さらに本作の問題点は続く。どこかで見た構図が異様に多いのだ。ちょっと思い出せるだけでも『ミッション・インポッシブル』、『ターミネーター』および『ターミネーター2』、『エイリアン』および『エイリアン2』、『スタートレック』、『アイアンマン』、『インデペンデンス・デイ』および『インデペンデンス・デイ:リサージェンス』などなど、Jovian以上のCinephileなら、おそらくもう20~30本は本作の先行作品というか、模倣の基になったお手本作品の名を挙げられるのではなかろうか。
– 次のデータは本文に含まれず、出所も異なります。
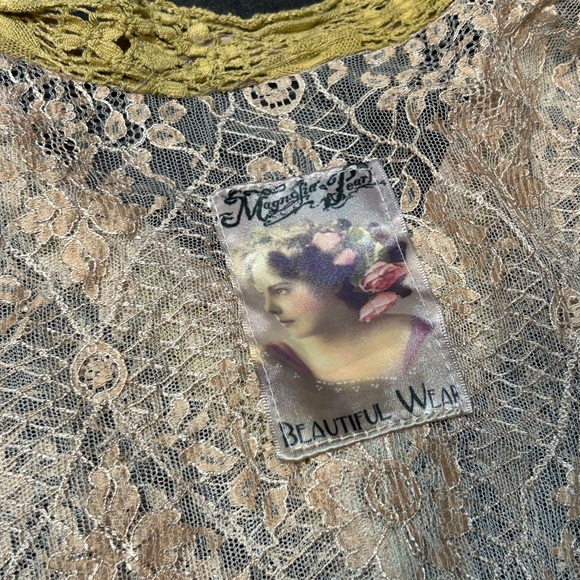 MAGNOLIA PEARL Pink and Tan Lace Sheer Ruffled Tiered V Neck Tank - Picture 11 of 13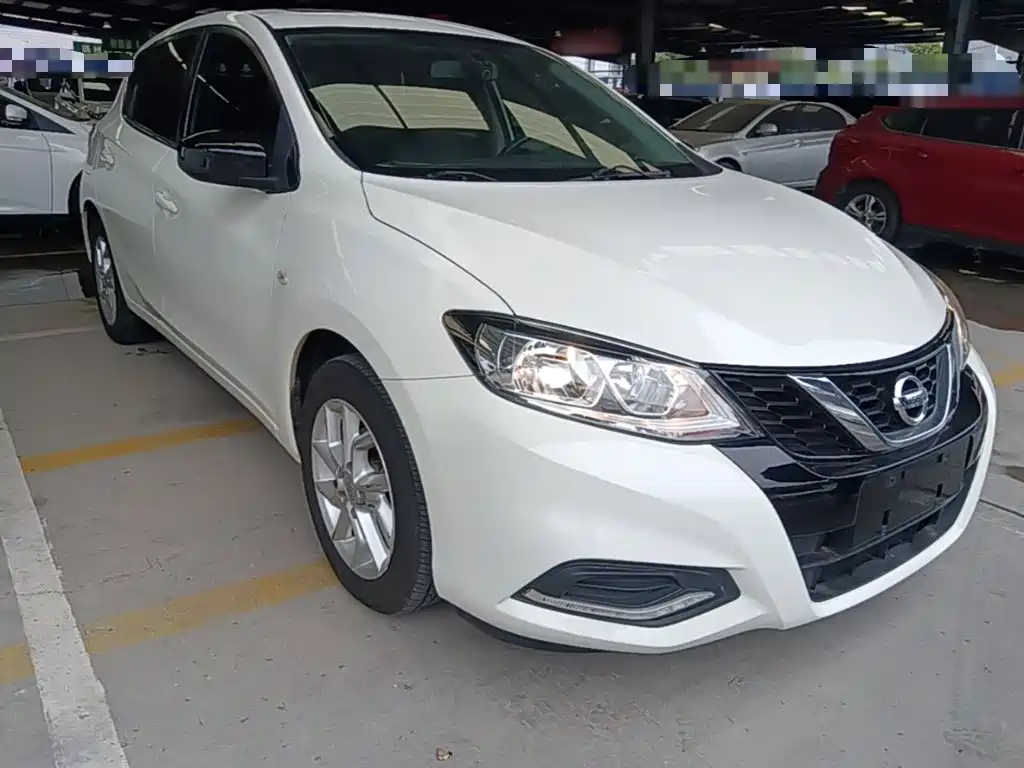 Nissan Tiida — миниатюра 4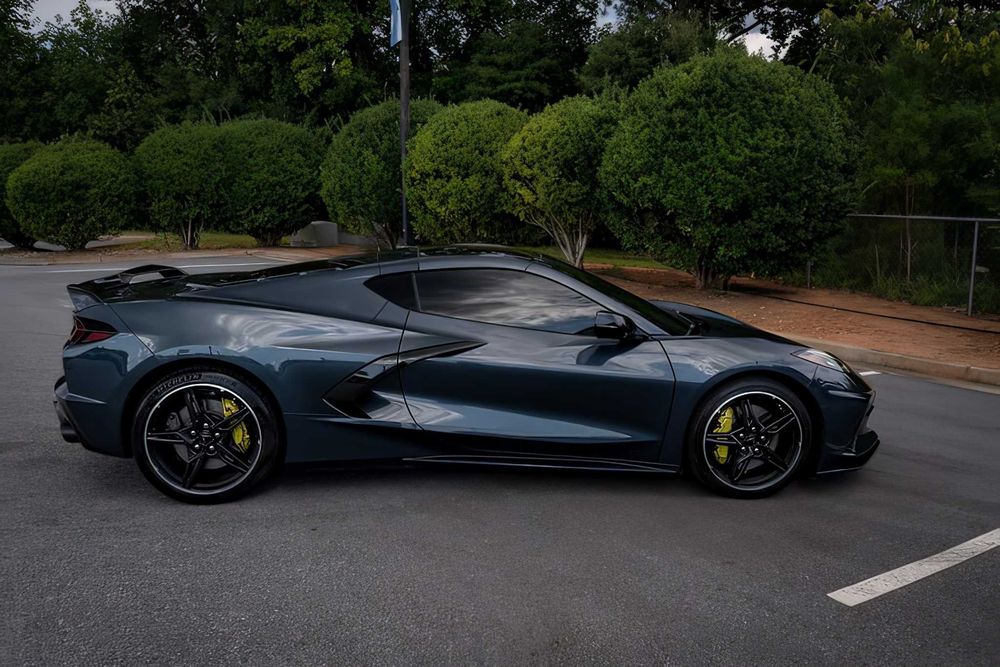 Chevrolet Corvette      2021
オリジナルの『プレデター』が素晴らしかったのは、軍人ユニットに特有の緊張感のあるユーモア、サバイバルという共通の目的を暗黙のうちに理解し合ったチームワーク、そして戦士vs戦士へと昇華していく流れの良さだった。役者としてそこにいたはずのシェーン・ブラックにして、何故こんなクソのような続編を作れてしまうのか。本編中でやたらと「プレデターは言葉通りの意味のプレデターではない」みたいなことを何度もキャラクターに喋らせ、代わりに「エイリアン」を連呼させていたが、何か映画製作中に外部もしくはスポンサーから特別な注文でもついたのか。ここからさらに続編作る気満々のようだが、製作者を総入れ替えしない限り、同じようなクソ作品になることは火を見るよりも明らかである。